* _WHAT NEEDS TO BE DONE_
Could you set down exactly the lines of the data below, starting at the one that holds "Local en venta" and ending at the one that holds "Patches, pins e stickers", both included, and only those?

* _INPUT FOR THIS TASK_

=======

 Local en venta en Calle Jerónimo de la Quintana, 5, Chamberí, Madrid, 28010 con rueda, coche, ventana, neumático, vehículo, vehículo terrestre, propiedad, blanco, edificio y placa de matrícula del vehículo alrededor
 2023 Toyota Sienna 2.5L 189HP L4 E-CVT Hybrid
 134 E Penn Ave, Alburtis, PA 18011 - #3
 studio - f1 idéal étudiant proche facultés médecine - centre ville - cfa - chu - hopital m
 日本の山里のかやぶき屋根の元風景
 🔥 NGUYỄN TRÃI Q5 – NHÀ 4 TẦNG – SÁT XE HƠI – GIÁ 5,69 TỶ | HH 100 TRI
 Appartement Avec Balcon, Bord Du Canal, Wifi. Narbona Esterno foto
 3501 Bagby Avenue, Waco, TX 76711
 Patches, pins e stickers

=======

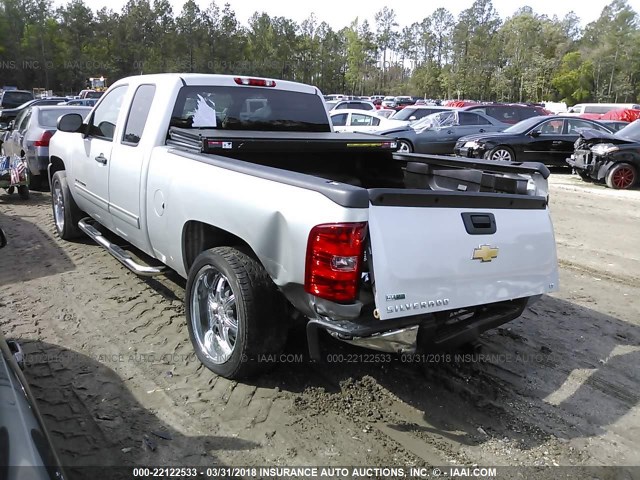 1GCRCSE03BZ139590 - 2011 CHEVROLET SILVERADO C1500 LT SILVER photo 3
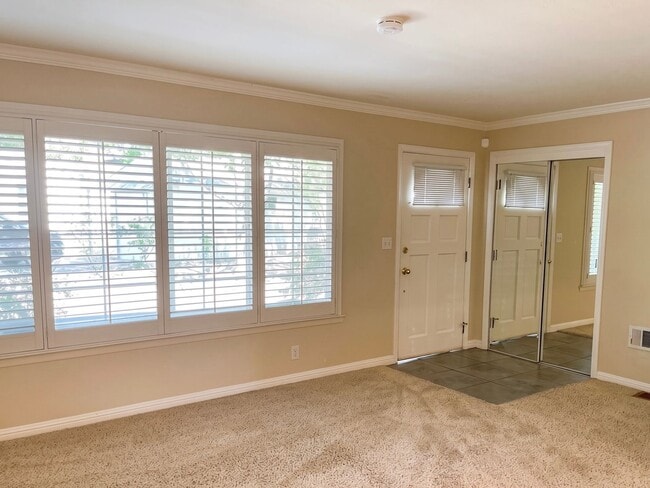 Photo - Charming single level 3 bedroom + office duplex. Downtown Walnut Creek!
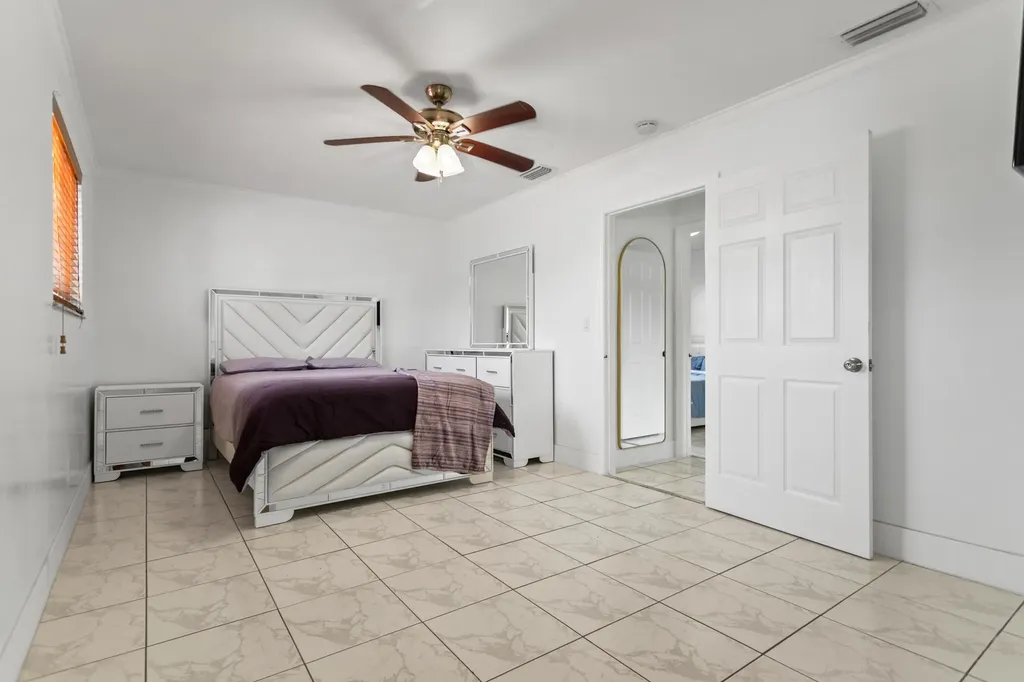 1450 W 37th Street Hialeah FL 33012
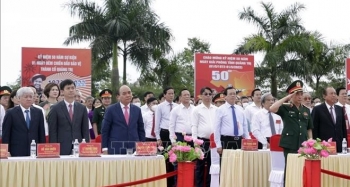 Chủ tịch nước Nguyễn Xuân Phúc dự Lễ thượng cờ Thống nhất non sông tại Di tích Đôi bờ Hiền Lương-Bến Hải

=======

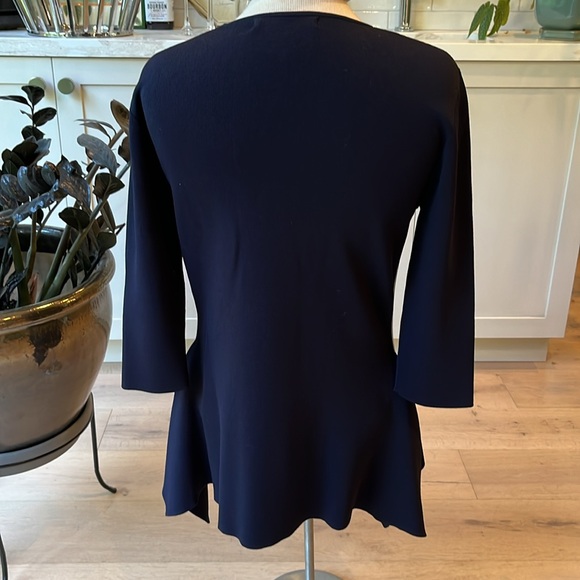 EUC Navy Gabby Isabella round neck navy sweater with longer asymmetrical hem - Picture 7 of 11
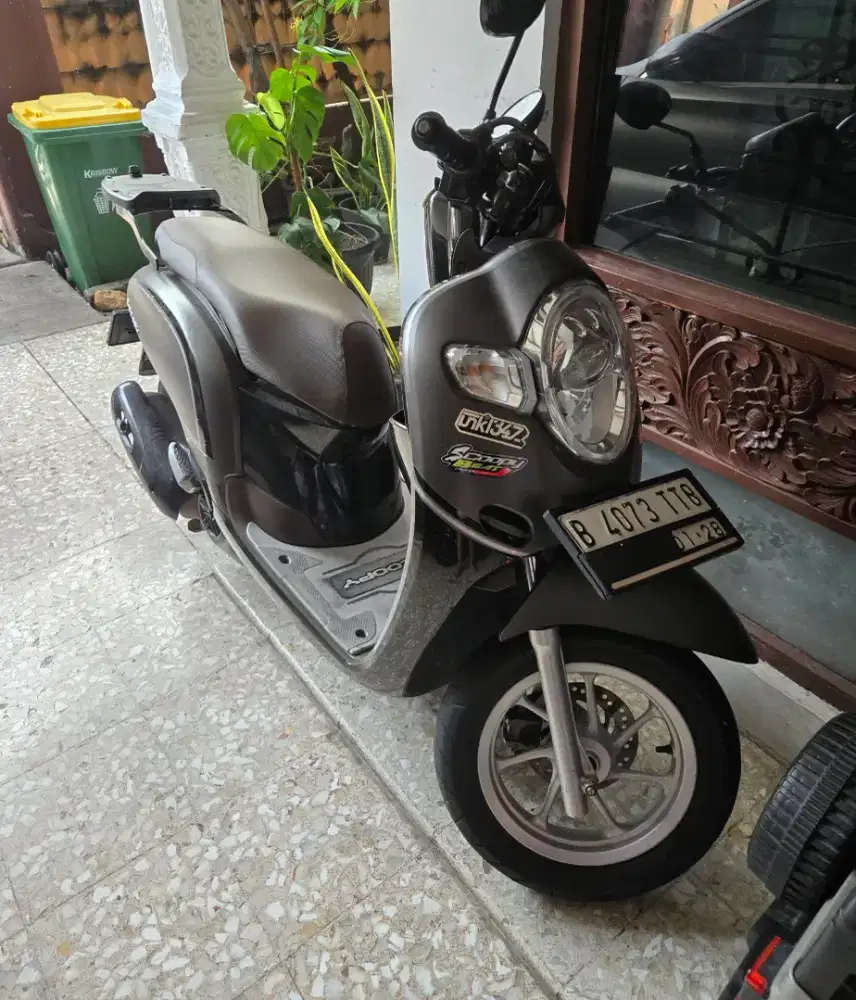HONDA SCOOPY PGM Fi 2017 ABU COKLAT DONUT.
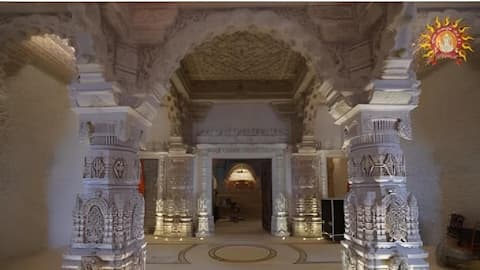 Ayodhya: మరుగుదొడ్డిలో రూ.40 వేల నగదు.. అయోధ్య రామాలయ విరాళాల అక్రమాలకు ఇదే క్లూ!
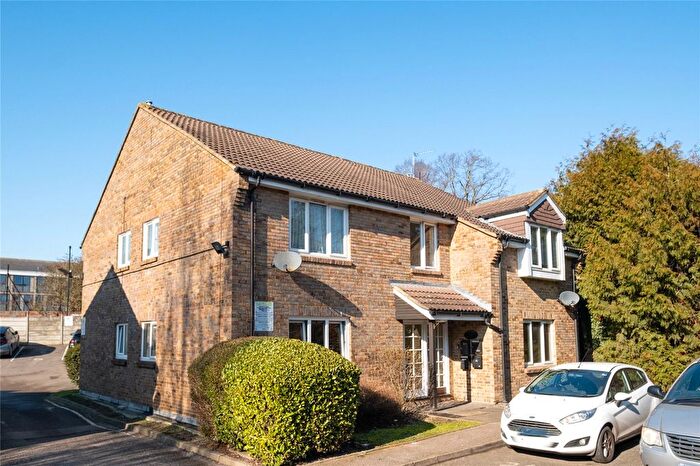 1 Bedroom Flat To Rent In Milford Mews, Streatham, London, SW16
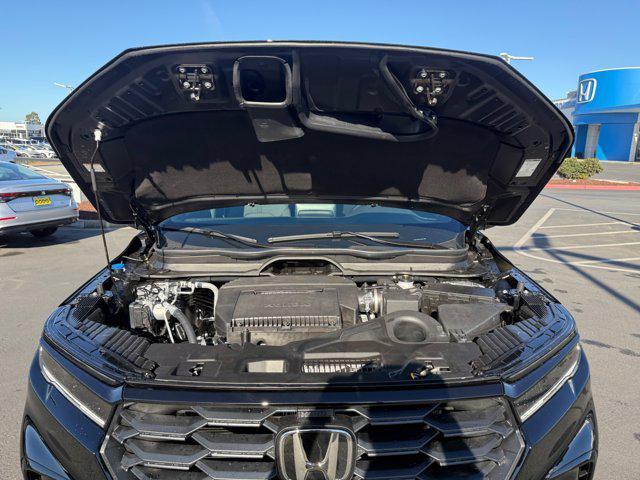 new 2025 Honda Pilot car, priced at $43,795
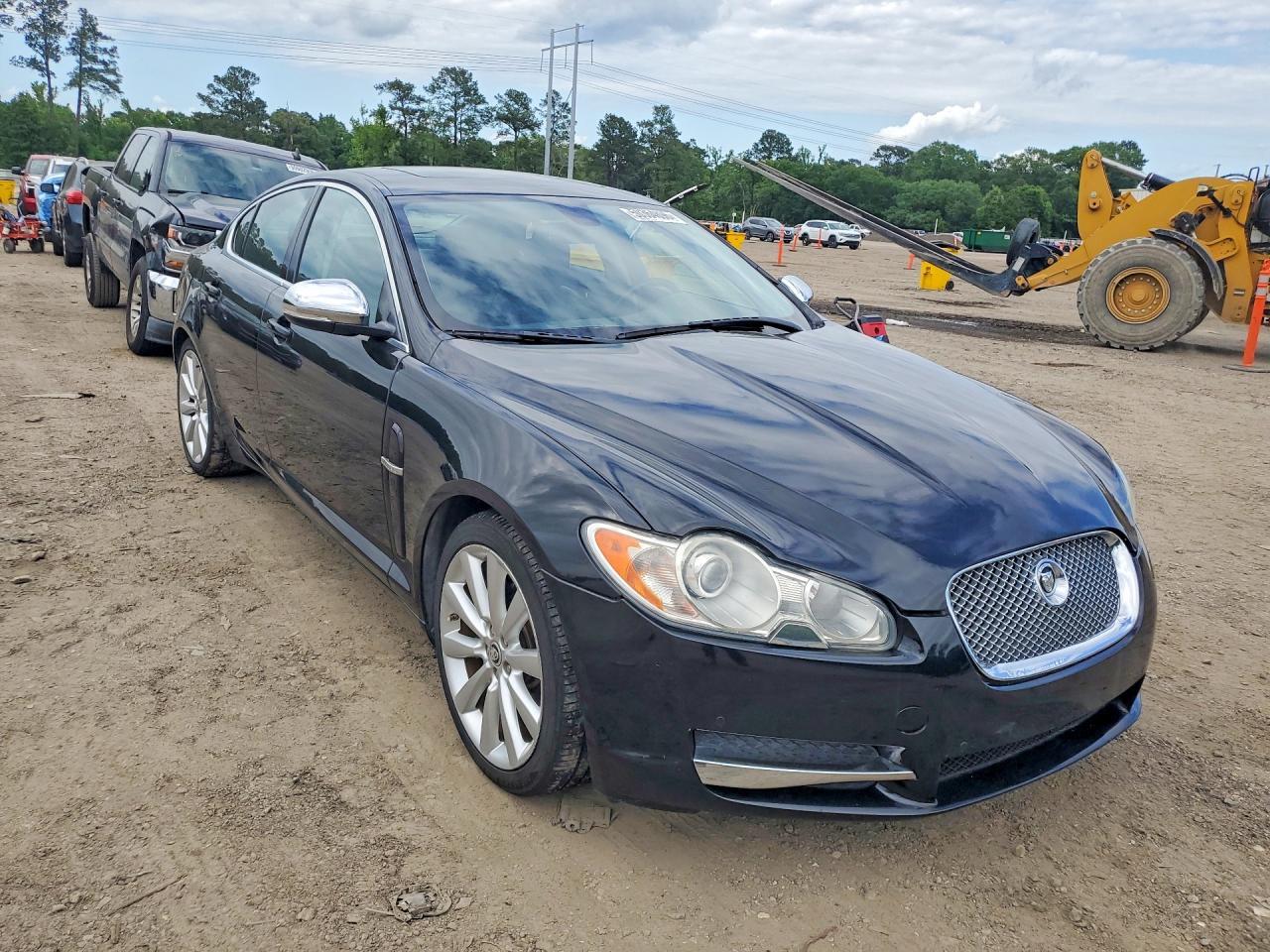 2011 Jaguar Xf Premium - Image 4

=======

* _RESPONSE TO THIS TASK_
 Local en venta en Calle Jerónimo de la Quintana, 5, Chamberí, Madrid, 28010 con rueda, coche, ventana, neumático, vehículo, vehículo terrestre, propiedad, blanco, edificio y placa de matrícula del vehículo alrededor
 2023 Toyota Sienna 2.5L 189HP L4 E-CVT Hybrid
 134 E Penn Ave, Alburtis, PA 18011 - #3
 studio - f1 idéal étudiant proche facultés médecine - centre ville - cfa - chu - hopital m
 日本の山里のかやぶき屋根の元風景
 🔥 NGUYỄN TRÃI Q5 – NHÀ 4 TẦNG – SÁT XE HƠI – GIÁ 5,69 TỶ | HH 100 TRI
 Appartement Avec Balcon, Bord Du Canal, Wifi. Narbona Esterno foto
 3501 Bagby Avenue, Waco, TX 76711
 Patches, pins e stickers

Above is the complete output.